* What to work on: All records below must be written out exactly, with the pictures excluded.

* Records provided:
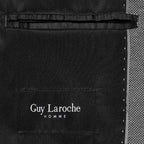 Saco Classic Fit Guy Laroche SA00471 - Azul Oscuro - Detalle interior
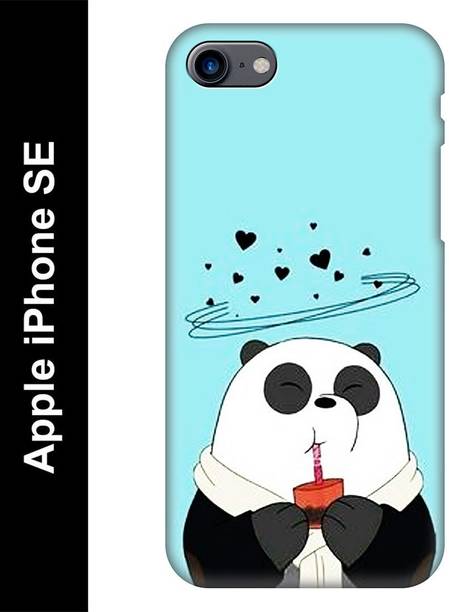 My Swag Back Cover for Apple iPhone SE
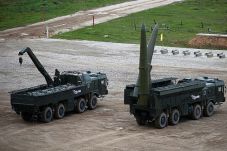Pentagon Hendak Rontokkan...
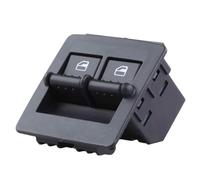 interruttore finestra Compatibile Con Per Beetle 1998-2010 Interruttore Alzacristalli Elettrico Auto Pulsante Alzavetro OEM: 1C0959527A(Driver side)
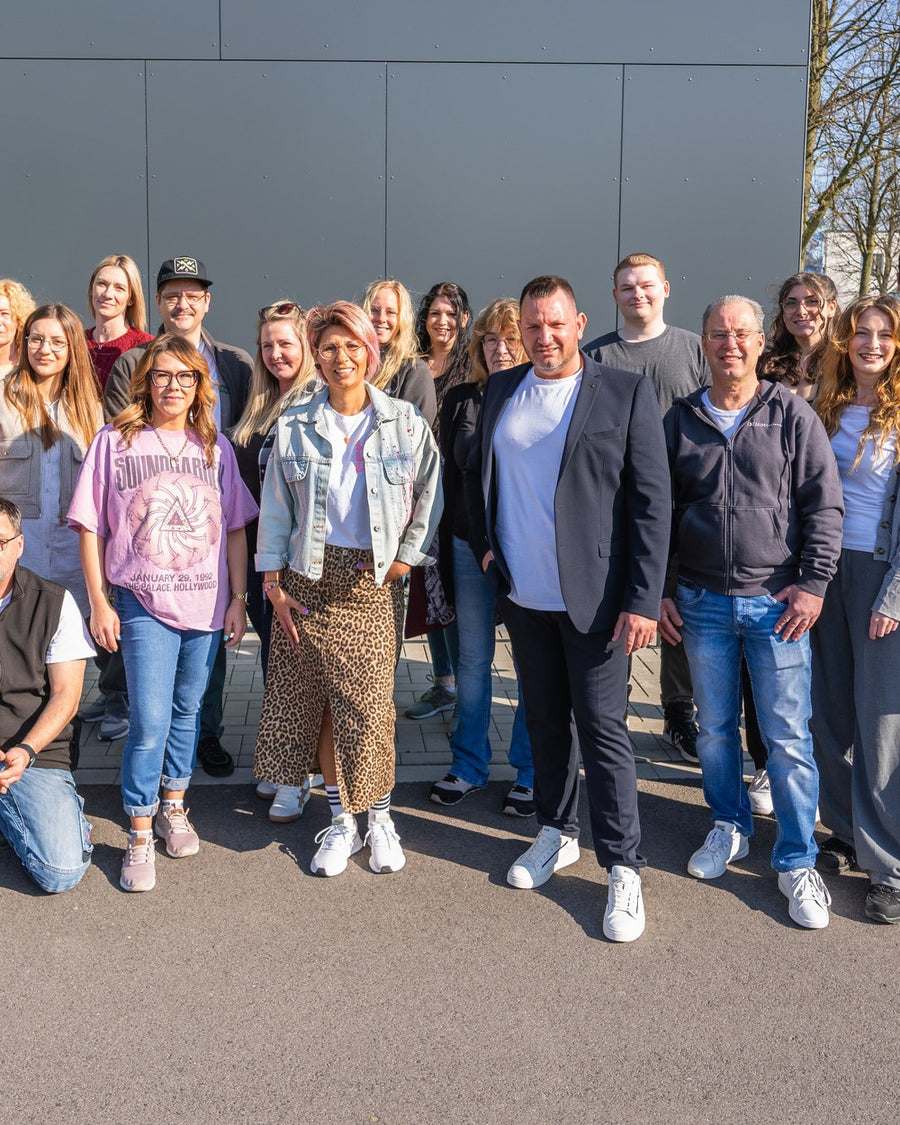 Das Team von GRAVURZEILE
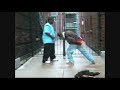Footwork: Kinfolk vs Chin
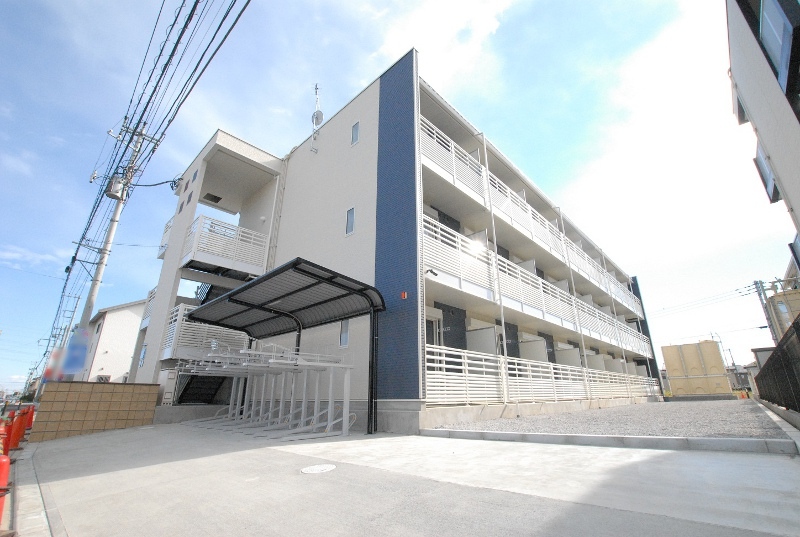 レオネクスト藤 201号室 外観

* Reply to the task:
 Saco Classic Fit Guy Laroche SA00471 - Azul Oscuro - Detalle interior
 My Swag Back Cover for Apple iPhone SE
Pentagon Hendak Rontokkan...
 interruttore finestra Compatibile Con Per Beetle 1998-2010 Interruttore Alzacristalli Elettrico Auto Pulsante Alzavetro OEM: 1C0959527A(Driver side)
 Das Team von GRAVURZEILE
Footwork: Kinfolk vs Chin
 レオネクスト藤 201号室 外観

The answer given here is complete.